* **Work task**
The entries below are to be reproduced in full, exactly as written.

START Available data

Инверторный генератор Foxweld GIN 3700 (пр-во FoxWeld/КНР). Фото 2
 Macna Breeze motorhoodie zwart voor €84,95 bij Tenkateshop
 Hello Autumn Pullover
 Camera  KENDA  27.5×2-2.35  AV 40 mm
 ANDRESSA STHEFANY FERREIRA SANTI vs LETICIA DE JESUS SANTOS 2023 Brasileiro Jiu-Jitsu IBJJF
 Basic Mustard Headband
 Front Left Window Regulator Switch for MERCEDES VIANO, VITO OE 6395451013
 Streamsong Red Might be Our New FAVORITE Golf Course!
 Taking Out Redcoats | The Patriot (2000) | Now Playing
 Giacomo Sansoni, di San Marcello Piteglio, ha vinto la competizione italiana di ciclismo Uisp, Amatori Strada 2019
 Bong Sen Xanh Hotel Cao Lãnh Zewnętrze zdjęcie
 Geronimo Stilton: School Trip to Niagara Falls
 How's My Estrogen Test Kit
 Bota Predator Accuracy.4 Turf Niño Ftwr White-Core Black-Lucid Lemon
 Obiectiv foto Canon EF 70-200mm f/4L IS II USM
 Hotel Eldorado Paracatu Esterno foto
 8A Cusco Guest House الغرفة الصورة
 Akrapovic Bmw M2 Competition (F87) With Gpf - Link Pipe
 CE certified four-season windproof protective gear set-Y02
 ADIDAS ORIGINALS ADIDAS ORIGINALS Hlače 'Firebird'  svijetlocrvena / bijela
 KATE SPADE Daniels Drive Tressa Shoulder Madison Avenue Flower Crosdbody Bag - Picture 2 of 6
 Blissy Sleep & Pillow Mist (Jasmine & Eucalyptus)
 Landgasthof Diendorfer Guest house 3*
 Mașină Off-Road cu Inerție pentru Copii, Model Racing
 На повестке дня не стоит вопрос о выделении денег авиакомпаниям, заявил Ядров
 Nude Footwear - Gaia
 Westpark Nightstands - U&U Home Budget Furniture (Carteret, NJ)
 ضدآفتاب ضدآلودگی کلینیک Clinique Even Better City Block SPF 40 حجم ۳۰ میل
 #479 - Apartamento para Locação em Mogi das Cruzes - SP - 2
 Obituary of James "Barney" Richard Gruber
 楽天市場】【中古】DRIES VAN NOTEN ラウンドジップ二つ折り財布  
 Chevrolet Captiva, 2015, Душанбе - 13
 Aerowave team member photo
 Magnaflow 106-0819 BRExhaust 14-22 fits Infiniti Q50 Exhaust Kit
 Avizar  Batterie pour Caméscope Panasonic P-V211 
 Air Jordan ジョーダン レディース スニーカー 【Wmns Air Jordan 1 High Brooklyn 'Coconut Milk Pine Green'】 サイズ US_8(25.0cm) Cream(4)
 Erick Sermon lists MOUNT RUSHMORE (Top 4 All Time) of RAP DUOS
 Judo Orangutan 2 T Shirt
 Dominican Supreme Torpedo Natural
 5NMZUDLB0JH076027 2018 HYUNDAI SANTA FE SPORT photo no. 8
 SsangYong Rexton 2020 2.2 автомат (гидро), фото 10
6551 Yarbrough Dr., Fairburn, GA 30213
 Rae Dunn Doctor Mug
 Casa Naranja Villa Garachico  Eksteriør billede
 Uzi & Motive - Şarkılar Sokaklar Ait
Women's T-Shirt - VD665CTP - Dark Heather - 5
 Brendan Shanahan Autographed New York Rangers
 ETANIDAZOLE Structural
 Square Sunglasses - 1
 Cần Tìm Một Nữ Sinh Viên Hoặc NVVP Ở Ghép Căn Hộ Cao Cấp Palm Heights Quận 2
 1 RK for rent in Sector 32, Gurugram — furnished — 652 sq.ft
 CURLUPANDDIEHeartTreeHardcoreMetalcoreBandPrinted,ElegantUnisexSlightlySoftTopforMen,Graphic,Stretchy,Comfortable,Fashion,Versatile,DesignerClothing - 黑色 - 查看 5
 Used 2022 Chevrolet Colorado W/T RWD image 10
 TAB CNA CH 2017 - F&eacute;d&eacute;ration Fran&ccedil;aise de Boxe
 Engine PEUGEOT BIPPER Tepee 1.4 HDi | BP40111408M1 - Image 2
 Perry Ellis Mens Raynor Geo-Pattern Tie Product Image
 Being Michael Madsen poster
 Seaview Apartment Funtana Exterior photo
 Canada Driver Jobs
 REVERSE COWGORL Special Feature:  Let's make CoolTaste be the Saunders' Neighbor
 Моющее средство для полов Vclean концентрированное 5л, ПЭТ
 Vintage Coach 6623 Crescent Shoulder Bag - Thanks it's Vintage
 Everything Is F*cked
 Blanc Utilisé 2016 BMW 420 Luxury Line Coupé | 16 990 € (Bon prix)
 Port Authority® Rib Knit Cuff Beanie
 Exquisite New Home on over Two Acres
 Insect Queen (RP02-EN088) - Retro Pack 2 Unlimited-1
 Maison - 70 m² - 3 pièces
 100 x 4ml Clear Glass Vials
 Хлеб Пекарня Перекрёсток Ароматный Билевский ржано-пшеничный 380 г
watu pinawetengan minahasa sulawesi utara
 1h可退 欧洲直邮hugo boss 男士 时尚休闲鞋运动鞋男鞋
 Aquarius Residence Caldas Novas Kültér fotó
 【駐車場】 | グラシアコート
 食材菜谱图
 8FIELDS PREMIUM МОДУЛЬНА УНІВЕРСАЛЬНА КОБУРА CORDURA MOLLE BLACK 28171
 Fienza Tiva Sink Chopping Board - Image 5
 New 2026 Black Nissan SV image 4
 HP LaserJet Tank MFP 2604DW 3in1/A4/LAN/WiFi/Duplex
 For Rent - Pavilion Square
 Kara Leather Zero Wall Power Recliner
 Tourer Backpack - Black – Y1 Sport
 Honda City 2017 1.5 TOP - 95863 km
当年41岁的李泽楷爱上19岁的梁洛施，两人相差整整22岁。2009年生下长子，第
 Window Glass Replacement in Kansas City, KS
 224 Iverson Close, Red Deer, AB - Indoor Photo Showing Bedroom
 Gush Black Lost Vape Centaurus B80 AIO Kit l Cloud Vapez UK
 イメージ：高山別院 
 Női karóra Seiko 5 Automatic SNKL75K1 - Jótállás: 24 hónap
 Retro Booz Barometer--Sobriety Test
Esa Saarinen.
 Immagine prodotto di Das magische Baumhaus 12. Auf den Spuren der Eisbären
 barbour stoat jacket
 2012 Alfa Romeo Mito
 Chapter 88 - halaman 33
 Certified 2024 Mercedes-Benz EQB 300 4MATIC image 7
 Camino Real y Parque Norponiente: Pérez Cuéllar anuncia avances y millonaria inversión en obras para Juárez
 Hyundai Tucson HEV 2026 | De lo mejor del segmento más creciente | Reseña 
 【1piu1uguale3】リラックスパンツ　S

END Available data

* **Solution for this problem**
Инверторный генератор Foxweld GIN 3700 (пр-во FoxWeld/КНР). Фото 2
 Macna Breeze motorhoodie zwart voor €84,95 bij Tenkateshop
 Hello Autumn Pullover
 Camera  KENDA  27.5×2-2.35  AV 40 mm
 ANDRESSA STHEFANY FERREIRA SANTI vs LETICIA DE JESUS SANTOS 2023 Brasileiro Jiu-Jitsu IBJJF
 Basic Mustard Headband
 Front Left Window Regulator Switch for MERCEDES VIANO, VITO OE 6395451013
 Streamsong Red Might be Our New FAVORITE Golf Course!
 Taking Out Redcoats | The Patriot (2000) | Now Playing
 Giacomo Sansoni, di San Marcello Piteglio, ha vinto la competizione italiana di ciclismo Uisp, Amatori Strada 2019
 Bong Sen Xanh Hotel Cao Lãnh Zewnętrze zdjęcie
 Geronimo Stilton: School Trip to Niagara Falls
 How's My Estrogen Test Kit
 Bota Predator Accuracy.4 Turf Niño Ftwr White-Core Black-Lucid Lemon
 Obiectiv foto Canon EF 70-200mm f/4L IS II USM
 Hotel Eldorado Paracatu Esterno foto
 8A Cusco Guest House الغرفة الصورة
 Akrapovic Bmw M2 Competition (F87) With Gpf - Link Pipe
 CE certified four-season windproof protective gear set-Y02
 ADIDAS ORIGINALS ADIDAS ORIGINALS Hlače 'Firebird'  svijetlocrvena / bijela
 KATE SPADE Daniels Drive Tressa Shoulder Madison Avenue Flower Crosdbody Bag - Picture 2 of 6
 Blissy Sleep & Pillow Mist (Jasmine & Eucalyptus)
 Landgasthof Diendorfer Guest house 3*
 Mașină Off-Road cu Inerție pentru Copii, Model Racing
 На повестке дня не стоит вопрос о выделении денег авиакомпаниям, заявил Ядров
 Nude Footwear - Gaia
 Westpark Nightstands - U&U Home Budget Furniture (Carteret, NJ)
 ضدآفتاب ضدآلودگی کلینیک Clinique Even Better City Block SPF 40 حجم ۳۰ میل
 #479 - Apartamento para Locação em Mogi das Cruzes - SP - 2
 Obituary of James "Barney" Richard Gruber
 楽天市場】【中古】DRIES VAN NOTEN ラウンドジップ二つ折り財布  
 Chevrolet Captiva, 2015, Душанбе - 13
 Aerowave team member photo
 Magnaflow 106-0819 BRExhaust 14-22 fits Infiniti Q50 Exhaust Kit
 Avizar  Batterie pour Caméscope Panasonic P-V211 
 Air Jordan ジョーダン レディース スニーカー 【Wmns Air Jordan 1 High Brooklyn 'Coconut Milk Pine Green'】 サイズ US_8(25.0cm) Cream(4)
 Erick Sermon lists MOUNT RUSHMORE (Top 4 All Time) of RAP DUOS
 Judo Orangutan 2 T Shirt
 Dominican Supreme Torpedo Natural
 5NMZUDLB0JH076027 2018 HYUNDAI SANTA FE SPORT photo no. 8
 SsangYong Rexton 2020 2.2 автомат (гидро), фото 10
6551 Yarbrough Dr., Fairburn, GA 30213
 Rae Dunn Doctor Mug
 Casa Naranja Villa Garachico  Eksteriør billede
 Uzi & Motive - Şarkılar Sokaklar Ait
Women's T-Shirt - VD665CTP - Dark Heather - 5
 Brendan Shanahan Autographed New York Rangers
 ETANIDAZOLE Structural
 Square Sunglasses - 1
 Cần Tìm Một Nữ Sinh Viên Hoặc NVVP Ở Ghép Căn Hộ Cao Cấp Palm Heights Quận 2
 1 RK for rent in Sector 32, Gurugram — furnished — 652 sq.ft
 CURLUPANDDIEHeartTreeHardcoreMetalcoreBandPrinted,ElegantUnisexSlightlySoftTopforMen,Graphic,Stretchy,Comfortable,Fashion,Versatile,DesignerClothing - 黑色 - 查看 5
 Used 2022 Chevrolet Colorado W/T RWD image 10
 TAB CNA CH 2017 - F&eacute;d&eacute;ration Fran&ccedil;aise de Boxe
 Engine PEUGEOT BIPPER Tepee 1.4 HDi | BP40111408M1 - Image 2
 Perry Ellis Mens Raynor Geo-Pattern Tie Product Image
 Being Michael Madsen poster
 Seaview Apartment Funtana Exterior photo
 Canada Driver Jobs
 REVERSE COWGORL Special Feature:  Let's make CoolTaste be the Saunders' Neighbor
 Моющее средство для полов Vclean концентрированное 5л, ПЭТ
 Vintage Coach 6623 Crescent Shoulder Bag - Thanks it's Vintage
 Everything Is F*cked
 Blanc Utilisé 2016 BMW 420 Luxury Line Coupé | 16 990 € (Bon prix)
 Port Authority® Rib Knit Cuff Beanie
 Exquisite New Home on over Two Acres
 Insect Queen (RP02-EN088) - Retro Pack 2 Unlimited-1
 Maison - 70 m² - 3 pièces
 100 x 4ml Clear Glass Vials
 Хлеб Пекарня Перекрёсток Ароматный Билевский ржано-пшеничный 380 г
watu pinawetengan minahasa sulawesi utara
 1h可退 欧洲直邮hugo boss 男士 时尚休闲鞋运动鞋男鞋
 Aquarius Residence Caldas Novas Kültér fotó
 【駐車場】 | グラシアコート
 食材菜谱图
 8FIELDS PREMIUM МОДУЛЬНА УНІВЕРСАЛЬНА КОБУРА CORDURA MOLLE BLACK 28171
 Fienza Tiva Sink Chopping Board - Image 5
 New 2026 Black Nissan SV image 4
 HP LaserJet Tank MFP 2604DW 3in1/A4/LAN/WiFi/Duplex
 For Rent - Pavilion Square
 Kara Leather Zero Wall Power Recliner
 Tourer Backpack - Black – Y1 Sport
 Honda City 2017 1.5 TOP - 95863 km
当年41岁的李泽楷爱上19岁的梁洛施，两人相差整整22岁。2009年生下长子，第
 Window Glass Replacement in Kansas City, KS
 224 Iverson Close, Red Deer, AB - Indoor Photo Showing Bedroom
 Gush Black Lost Vape Centaurus B80 AIO Kit l Cloud Vapez UK
 イメージ：高山別院 
 Női karóra Seiko 5 Automatic SNKL75K1 - Jótállás: 24 hónap
 Retro Booz Barometer--Sobriety Test
Esa Saarinen.
 Immagine prodotto di Das magische Baumhaus 12. Auf den Spuren der Eisbären
 barbour stoat jacket
 2012 Alfa Romeo Mito
 Chapter 88 - halaman 33
 Certified 2024 Mercedes-Benz EQB 300 4MATIC image 7
 Camino Real y Parque Norponiente: Pérez Cuéllar anuncia avances y millonaria inversión en obras para Juárez
 Hyundai Tucson HEV 2026 | De lo mejor del segmento más creciente | Reseña 
 【1piu1uguale3】リラックスパンツ　S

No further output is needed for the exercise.